Ayer me desperté con la metáfora del laberinto.
Delirar, puesto que no es más que tener que elegir entre opciones de interpretación de eso que llaman la realidad, se parece a entrar en un laberinto de caminos posibles. Las opciones estarían pintadas en las paredes, y es como recorrerlo leyendo tales pintadas, perdiéndose y desandando rutas a menudo. Pintadas espontáneas, ilegibles por veces, huellas de todo tipo de personas, informaciones y culturas anteriores. Pintadas que nos seducen, o nos preocupan, o nos iluminan con la fuerza de un clic o descubrimiento. Pintadas que convertimos instintivamente en símbolos, y es que el laberinto es un mito. Los mitos, ya se sabe, son cuentos mágico-pedagógicos que se transmiten de generación en generación, cuya función es aportar una explicación, metafóricamente, de cualquier aspecto humano. Luego siempre hay quien los toma al pie de la letra, tampoco lo recomiendo.

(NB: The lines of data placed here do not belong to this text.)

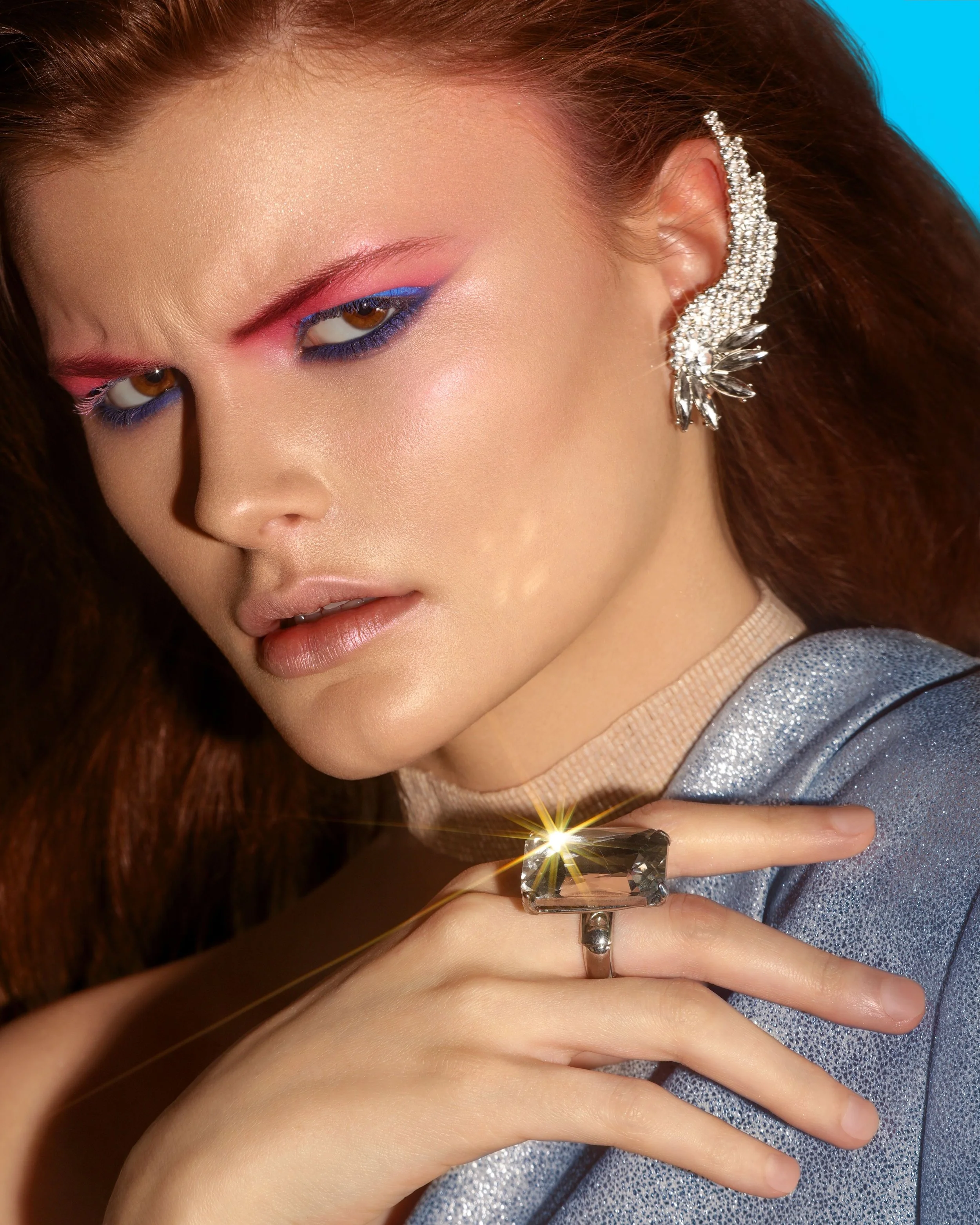 Close-up of a woman with light makeup, colorful eyeshadow, wearing a sparkly silver jacket, a large gemstone ring, and an elaborate pearl and crystal earring, with a bright blue background.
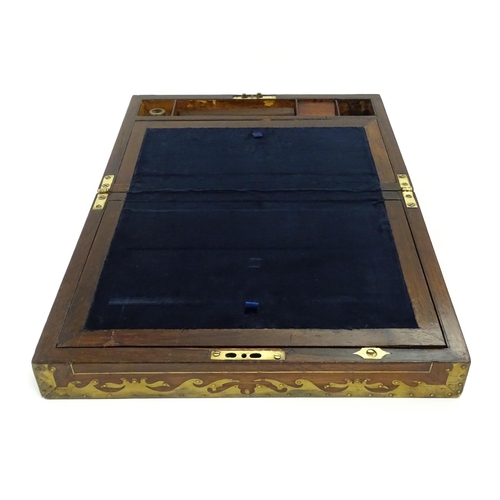 1553 - A Victorian writing slope with brass mounts, opening to reveal a fitted interior with two small conc... 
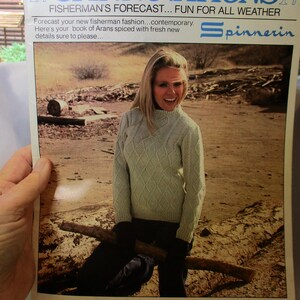 May include: A vintage Spinnerin knitting pattern booklet titled 14 SPINNOVATIONS FISHERMAN'S FORECAST... FUN FOR ALL WEATHER. The cover features a photograph of a person wearing a light-colored, long-sleeved, diamond-patterned cable knit sweater.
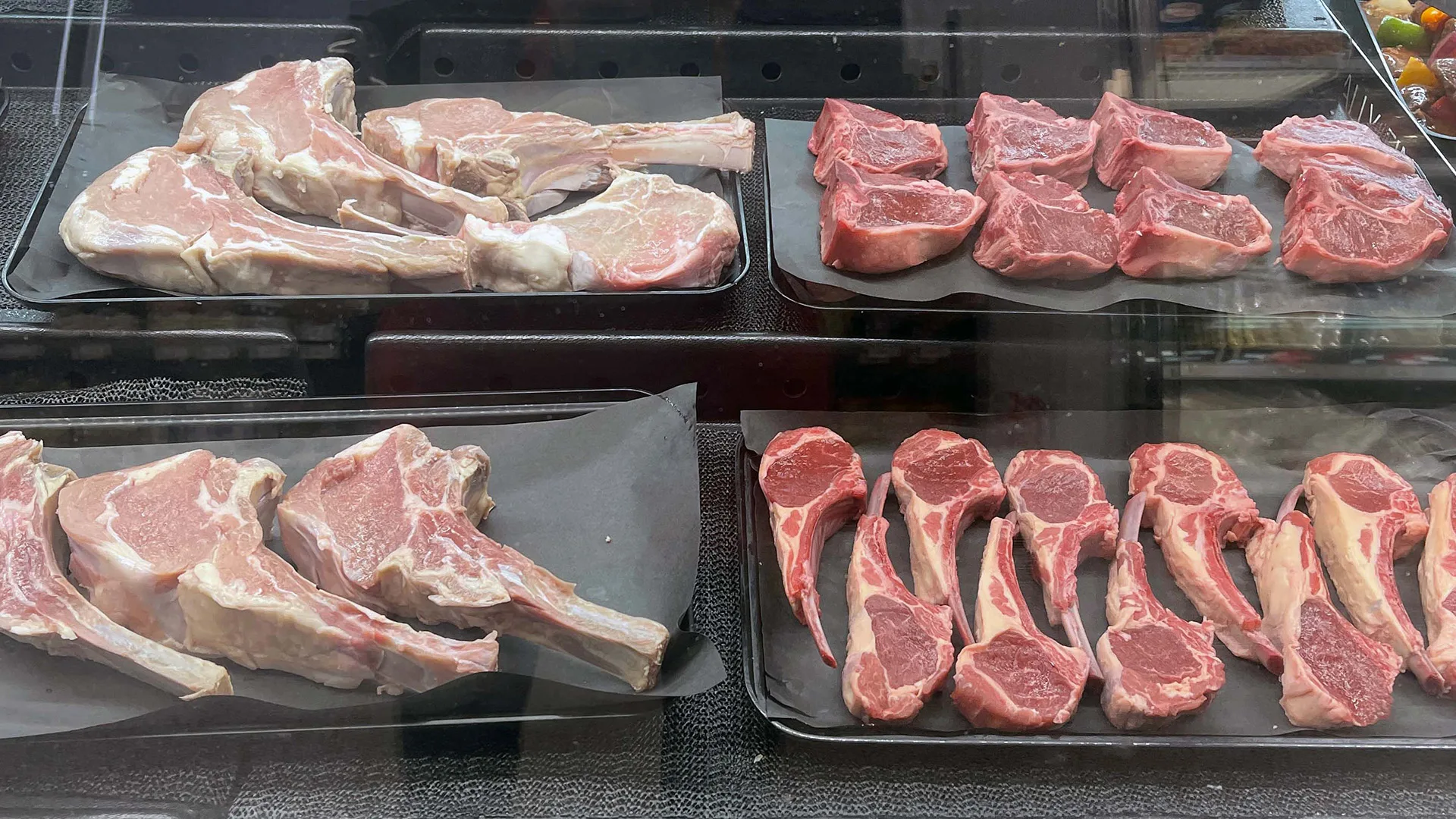lamb chops, lamb loins, and lamb products on display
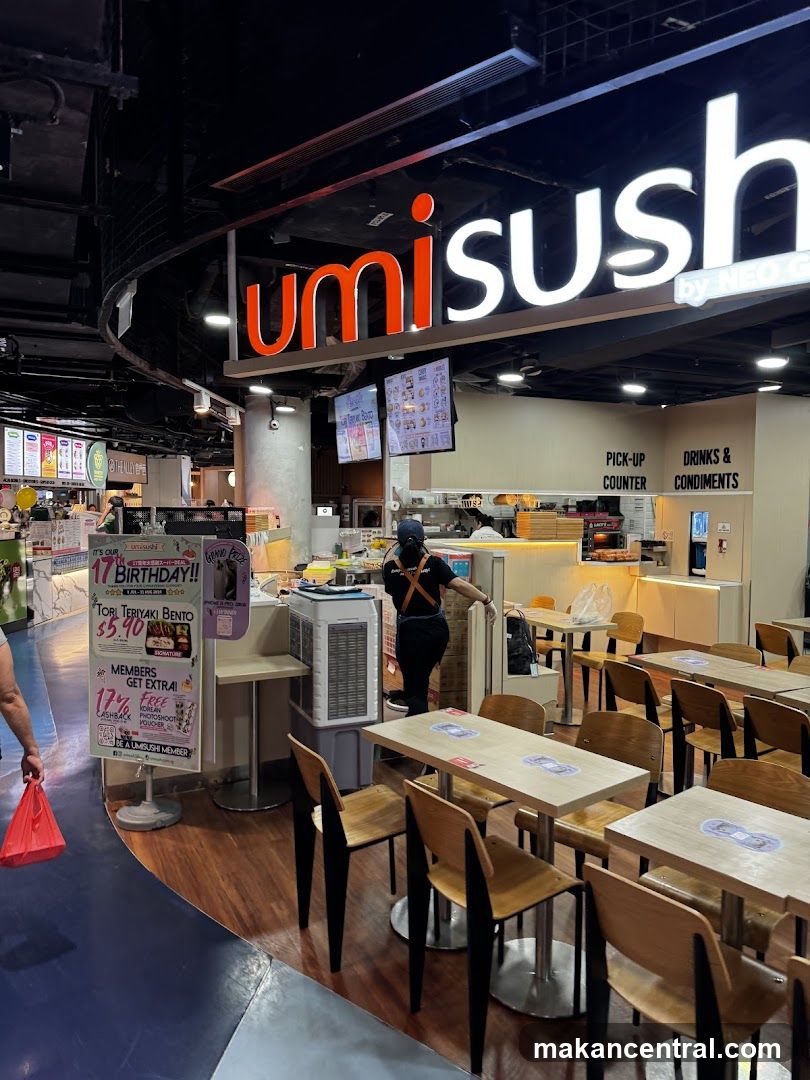 The exterior of a Umi Sushi restaurant with a prominent illuminated sign. The dining area with tables and chairs is visible, along with a pick-up counter and a drinks and condiments station. Promotional posters are displayed near the entrance.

Lo que llaman curación consistiría entonces en dos cosas:
- Encontrar la salida, volviendo a una senda más transitada, más lineal, más segura en todo caso, pero con la memoria de haber estado ahí, y con la memoria también de la ruta de salida, no sea que toque volver a entrar.
- Aprender a vivir en el laberinto, montarte allí tu casa, tus planes, invitar a tus colegas a perderse un poco contigo, también. Si eliges esta opción, encontrarás canales de comunicación con el camino de fuera, hoy en día la comunicación no es ningún secreto, y las redes sociales acogen a todo tipo de refugiados, sea en modo virtual o físico, sólo hay que saber con quién juntarse. El hecho de encontrar personas que no te juzguen por una idea delirante es un principio de compañía y apoyo, probablemente sea también un paso en la búsqueda de la ruta de salida (por aquello de ver mundo, siempre gratificante para mentes inquietas).